Prime Minister Binyamin Netanyahu has agreed to the Quartet’s proposal for renewed talks with the Palestinian Authority and may have check-mated Palestinian Authority Chairman Mahmoud Abbas, who cannot back down from his strategy of asking the United Nations for recognition of the PA as a sovereign nation without talks with Israel.
The Prime Minister met with senior Cabinet ministers Tuesday night, who decided to accept the proposal for direct talks next month for the first time in two years.
The Quartet proposed a timetable for renewed talks and for a final settlement but did not meet Abbas’ demand for a total freeze of Jewish building in Judea and Samaria and in large areas of Jerusalem, which he insists on seizing for the capital of the PA.
"The Palestinians cannot negotiate any proposal that is not based on 1967 borders and does not ensure a settlement freeze in the West Bank," Abbas recently told the pan-Arab daily A-Sharq Al-Awsat.
Israel replied with facts on the ground and announced Tuesday that it will build 1,100 more residential units in Gilo, located in southern Jerusalem and within view of Bethlehem, where Arab terrorists shelled the neighborhood during the Second Intifada, also known as the Oslo War that broke out in 2000.

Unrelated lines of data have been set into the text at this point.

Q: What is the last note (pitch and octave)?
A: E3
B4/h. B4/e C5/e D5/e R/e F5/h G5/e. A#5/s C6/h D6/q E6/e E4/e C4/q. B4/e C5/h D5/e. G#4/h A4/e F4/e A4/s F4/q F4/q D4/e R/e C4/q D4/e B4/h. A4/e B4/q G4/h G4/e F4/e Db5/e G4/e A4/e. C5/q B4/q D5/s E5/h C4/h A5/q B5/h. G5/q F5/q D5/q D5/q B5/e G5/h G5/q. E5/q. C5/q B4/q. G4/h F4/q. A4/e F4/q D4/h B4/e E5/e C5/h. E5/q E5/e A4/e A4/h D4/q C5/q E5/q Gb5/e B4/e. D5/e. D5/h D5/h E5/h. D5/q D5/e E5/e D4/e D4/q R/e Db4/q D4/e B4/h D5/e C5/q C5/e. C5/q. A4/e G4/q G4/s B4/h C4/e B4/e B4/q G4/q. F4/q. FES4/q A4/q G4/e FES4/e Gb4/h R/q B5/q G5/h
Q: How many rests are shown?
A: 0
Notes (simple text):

Abbas has left himself up a diplomatic tree without a ladder by appealing to the United Nations Security Council. It is far from certain that he has the needed two thirds majority for sending to the General Assembly a motion that the Palestinian Authority be accepted as a full member state according to its own territorial terms.
His U.N. strategy unilaterally changed the rules of the game and placed him in opposition to a large number of Western nations who from day one have supported his demands for concessions from Israel towards establishing the PA as a new country within Israel’s borders.

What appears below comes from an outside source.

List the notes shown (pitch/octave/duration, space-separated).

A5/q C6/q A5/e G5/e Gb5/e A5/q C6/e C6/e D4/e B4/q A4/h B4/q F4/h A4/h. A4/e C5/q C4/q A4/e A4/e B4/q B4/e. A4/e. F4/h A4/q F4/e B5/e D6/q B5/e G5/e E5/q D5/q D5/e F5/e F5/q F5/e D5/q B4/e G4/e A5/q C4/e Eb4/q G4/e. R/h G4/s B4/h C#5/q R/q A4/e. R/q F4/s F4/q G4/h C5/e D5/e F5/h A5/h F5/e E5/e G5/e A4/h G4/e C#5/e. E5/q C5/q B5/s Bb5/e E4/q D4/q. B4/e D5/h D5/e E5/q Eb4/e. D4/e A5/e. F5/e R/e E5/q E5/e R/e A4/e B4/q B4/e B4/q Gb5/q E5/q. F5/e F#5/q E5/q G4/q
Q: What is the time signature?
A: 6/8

His failure to force Israel to agree to all of his preconditions, based on the Saudi 2002 Initiative, has left him to be seen as “weak and tired by his own people,” according to an analysis in the Christian Science Monitor, whose editorial stance for years has been supportive of Abbas.
Abbas won wide approval among Palestinian Authority Arabs, and “abandoning the UN route now would be catastrophic to his own standing – at least without something firm in hand,” the Monitor reported.
Rebuffed by Gaza’s Hamas terrorist rulers and squeezed into a tight corner by Netanyahu’s positive answer to the Quartet, Abbas is left with backing down or going for broke in the United Nations. The PA will meet later this week to give a formal answer, and one unconfirmed report said that Abbas will agree to the Quartet's plan, but it is more probable that it will announce a counter-proposal instead of turning down the Quartet.